*Exercise objective:*
In the material below, find the line containing "Spotlight Oral Care" and the line containing "Flower Power SKŁADANKA 10CD Okazja!", then reproduce exactly both of them and every line between, and nothing else.

*Record extracts:*
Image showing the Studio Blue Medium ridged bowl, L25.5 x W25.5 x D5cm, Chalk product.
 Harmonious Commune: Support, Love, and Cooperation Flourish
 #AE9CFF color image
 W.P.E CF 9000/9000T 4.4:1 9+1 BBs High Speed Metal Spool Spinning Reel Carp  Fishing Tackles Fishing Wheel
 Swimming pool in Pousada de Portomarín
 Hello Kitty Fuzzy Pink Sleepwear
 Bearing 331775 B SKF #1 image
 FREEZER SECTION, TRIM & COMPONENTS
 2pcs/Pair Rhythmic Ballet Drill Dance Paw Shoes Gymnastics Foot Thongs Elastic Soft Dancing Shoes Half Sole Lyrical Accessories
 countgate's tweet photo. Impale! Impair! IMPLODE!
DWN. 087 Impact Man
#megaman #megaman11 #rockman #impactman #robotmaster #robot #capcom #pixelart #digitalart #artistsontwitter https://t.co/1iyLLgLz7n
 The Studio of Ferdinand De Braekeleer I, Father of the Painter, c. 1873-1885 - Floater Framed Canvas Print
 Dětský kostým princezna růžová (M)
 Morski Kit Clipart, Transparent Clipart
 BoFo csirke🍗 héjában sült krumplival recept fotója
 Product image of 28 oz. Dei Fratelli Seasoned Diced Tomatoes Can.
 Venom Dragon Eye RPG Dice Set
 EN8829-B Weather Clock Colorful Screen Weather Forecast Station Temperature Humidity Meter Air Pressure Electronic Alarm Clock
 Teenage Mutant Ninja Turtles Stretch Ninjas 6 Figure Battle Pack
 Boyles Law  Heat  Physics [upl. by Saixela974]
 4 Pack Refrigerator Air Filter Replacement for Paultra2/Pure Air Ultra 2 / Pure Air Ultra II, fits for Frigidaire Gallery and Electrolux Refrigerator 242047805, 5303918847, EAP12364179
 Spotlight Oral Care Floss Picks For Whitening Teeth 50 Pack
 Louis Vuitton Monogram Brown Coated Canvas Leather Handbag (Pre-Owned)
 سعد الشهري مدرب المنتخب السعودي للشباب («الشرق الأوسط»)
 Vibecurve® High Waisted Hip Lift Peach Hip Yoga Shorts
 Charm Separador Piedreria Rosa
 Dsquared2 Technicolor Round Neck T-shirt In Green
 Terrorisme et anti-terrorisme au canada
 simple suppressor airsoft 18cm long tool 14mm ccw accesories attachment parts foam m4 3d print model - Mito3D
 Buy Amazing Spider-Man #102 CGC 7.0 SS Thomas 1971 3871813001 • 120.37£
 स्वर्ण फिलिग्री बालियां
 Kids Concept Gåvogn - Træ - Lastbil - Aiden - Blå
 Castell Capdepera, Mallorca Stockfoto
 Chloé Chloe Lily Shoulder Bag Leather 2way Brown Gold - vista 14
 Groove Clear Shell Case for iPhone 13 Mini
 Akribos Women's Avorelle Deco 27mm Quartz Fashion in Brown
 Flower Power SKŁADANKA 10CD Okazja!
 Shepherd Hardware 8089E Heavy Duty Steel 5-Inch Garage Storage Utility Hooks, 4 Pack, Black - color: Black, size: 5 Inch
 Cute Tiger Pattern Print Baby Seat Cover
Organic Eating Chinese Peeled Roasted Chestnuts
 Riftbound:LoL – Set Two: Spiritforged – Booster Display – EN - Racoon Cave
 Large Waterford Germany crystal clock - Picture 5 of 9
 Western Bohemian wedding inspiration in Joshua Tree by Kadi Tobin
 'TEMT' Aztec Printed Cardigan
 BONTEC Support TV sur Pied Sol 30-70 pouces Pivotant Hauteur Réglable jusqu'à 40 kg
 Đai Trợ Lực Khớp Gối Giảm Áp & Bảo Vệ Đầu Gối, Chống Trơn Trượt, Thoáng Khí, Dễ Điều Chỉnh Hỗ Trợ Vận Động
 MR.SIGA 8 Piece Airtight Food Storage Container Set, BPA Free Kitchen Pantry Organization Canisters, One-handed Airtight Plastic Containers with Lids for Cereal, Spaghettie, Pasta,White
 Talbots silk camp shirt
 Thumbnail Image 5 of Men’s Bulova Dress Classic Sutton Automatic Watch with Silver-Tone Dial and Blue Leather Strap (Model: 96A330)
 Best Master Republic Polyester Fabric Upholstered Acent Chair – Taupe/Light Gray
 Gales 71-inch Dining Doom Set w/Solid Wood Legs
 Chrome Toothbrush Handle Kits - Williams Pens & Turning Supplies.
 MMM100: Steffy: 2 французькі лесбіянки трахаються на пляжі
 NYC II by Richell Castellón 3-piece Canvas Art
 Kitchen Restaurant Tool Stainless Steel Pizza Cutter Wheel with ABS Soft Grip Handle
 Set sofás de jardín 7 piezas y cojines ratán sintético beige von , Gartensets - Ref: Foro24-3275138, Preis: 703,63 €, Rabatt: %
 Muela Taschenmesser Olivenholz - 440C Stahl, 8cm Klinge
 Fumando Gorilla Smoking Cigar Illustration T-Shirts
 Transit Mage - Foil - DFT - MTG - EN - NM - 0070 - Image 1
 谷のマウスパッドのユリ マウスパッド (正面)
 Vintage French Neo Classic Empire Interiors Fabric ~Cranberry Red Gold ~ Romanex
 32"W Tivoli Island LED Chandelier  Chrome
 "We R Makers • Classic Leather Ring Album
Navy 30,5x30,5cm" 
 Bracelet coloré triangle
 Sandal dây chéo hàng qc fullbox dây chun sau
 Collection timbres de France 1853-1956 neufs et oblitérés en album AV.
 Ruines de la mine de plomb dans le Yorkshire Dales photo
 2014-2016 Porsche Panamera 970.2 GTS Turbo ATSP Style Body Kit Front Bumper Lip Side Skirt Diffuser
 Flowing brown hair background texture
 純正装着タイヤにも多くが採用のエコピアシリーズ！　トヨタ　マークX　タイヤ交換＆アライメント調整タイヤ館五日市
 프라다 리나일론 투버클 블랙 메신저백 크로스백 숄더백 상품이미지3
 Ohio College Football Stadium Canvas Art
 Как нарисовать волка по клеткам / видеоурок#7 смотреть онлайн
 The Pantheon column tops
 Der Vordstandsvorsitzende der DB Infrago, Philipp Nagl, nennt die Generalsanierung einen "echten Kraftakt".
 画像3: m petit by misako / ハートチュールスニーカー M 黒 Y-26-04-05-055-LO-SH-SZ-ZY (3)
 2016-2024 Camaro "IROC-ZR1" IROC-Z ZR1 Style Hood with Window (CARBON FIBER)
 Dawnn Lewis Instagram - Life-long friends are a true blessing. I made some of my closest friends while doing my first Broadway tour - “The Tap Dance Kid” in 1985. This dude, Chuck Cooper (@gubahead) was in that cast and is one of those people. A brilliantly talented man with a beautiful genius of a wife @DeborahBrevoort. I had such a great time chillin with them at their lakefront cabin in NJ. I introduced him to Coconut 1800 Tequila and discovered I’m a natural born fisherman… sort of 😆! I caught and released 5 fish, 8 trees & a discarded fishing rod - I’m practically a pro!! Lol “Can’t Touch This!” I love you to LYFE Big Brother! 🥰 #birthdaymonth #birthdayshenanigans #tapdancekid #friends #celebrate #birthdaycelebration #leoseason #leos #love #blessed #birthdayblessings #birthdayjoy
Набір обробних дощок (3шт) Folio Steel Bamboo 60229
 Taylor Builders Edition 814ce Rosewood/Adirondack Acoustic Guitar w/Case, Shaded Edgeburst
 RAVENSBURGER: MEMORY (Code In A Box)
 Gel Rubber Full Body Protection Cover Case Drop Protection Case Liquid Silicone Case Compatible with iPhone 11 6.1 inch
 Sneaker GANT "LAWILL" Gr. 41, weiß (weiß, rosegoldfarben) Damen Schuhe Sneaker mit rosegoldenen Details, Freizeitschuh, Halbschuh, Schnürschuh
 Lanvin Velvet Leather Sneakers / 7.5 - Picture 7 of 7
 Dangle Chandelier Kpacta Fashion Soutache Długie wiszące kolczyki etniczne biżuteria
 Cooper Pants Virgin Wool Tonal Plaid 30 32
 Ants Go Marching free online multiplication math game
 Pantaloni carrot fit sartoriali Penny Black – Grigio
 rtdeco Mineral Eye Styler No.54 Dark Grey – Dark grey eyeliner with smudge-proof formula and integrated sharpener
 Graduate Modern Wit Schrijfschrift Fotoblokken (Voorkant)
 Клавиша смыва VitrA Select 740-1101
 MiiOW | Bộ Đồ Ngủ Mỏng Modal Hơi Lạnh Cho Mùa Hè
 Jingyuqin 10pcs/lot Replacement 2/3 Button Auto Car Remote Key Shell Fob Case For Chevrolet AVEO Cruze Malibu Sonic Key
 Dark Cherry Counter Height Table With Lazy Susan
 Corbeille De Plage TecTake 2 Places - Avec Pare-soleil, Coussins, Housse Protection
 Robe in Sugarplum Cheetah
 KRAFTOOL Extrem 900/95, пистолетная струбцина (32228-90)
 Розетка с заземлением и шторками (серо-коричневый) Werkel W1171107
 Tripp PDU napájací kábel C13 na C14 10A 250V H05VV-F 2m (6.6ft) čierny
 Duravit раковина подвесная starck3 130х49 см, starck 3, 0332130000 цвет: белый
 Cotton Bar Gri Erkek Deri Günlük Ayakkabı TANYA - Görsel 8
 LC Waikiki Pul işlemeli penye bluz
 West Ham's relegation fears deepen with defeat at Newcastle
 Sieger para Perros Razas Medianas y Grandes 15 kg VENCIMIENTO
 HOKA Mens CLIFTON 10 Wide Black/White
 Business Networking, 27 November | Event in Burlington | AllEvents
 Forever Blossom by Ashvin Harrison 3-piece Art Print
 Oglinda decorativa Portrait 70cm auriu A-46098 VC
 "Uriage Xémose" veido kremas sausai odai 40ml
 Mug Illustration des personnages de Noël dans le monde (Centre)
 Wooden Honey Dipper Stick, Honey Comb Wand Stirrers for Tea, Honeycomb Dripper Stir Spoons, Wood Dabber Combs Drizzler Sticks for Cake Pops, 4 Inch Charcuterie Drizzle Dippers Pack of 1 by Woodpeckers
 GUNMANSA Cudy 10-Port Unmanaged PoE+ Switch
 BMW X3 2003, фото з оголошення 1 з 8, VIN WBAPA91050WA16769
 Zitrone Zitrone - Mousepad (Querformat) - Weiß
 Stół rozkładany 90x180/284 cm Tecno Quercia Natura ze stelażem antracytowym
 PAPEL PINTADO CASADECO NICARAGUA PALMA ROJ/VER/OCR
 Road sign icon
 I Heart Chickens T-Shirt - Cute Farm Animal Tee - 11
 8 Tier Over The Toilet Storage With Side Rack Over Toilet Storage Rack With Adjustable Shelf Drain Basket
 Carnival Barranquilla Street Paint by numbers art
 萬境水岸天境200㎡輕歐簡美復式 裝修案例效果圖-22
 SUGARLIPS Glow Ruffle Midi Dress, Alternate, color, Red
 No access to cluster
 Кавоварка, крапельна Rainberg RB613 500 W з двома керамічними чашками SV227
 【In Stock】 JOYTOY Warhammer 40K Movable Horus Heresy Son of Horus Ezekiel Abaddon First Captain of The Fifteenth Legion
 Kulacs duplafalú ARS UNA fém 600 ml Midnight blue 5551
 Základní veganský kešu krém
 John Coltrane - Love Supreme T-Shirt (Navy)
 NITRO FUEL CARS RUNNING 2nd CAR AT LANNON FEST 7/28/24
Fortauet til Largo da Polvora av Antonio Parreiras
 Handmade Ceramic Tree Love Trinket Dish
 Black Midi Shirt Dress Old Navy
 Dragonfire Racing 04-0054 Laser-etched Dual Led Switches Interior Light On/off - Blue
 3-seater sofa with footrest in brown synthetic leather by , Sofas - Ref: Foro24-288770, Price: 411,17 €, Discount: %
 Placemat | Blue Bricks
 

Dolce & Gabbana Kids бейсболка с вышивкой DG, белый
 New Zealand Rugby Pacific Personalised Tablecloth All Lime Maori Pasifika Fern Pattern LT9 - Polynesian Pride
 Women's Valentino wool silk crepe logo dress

*Written response:*
 Spotlight Oral Care Floss Picks For Whitening Teeth 50 Pack
 Louis Vuitton Monogram Brown Coated Canvas Leather Handbag (Pre-Owned)
 سعد الشهري مدرب المنتخب السعودي للشباب («الشرق الأوسط»)
 Vibecurve® High Waisted Hip Lift Peach Hip Yoga Shorts
 Charm Separador Piedreria Rosa
 Dsquared2 Technicolor Round Neck T-shirt In Green
 Terrorisme et anti-terrorisme au canada
 simple suppressor airsoft 18cm long tool 14mm ccw accesories attachment parts foam m4 3d print model - Mito3D
 Buy Amazing Spider-Man #102 CGC 7.0 SS Thomas 1971 3871813001 • 120.37£
 स्वर्ण फिलिग्री बालियां
 Kids Concept Gåvogn - Træ - Lastbil - Aiden - Blå
 Castell Capdepera, Mallorca Stockfoto
 Chloé Chloe Lily Shoulder Bag Leather 2way Brown Gold - vista 14
 Groove Clear Shell Case for iPhone 13 Mini
 Akribos Women's Avorelle Deco 27mm Quartz Fashion in Brown
 Flower Power SKŁADANKA 10CD Okazja!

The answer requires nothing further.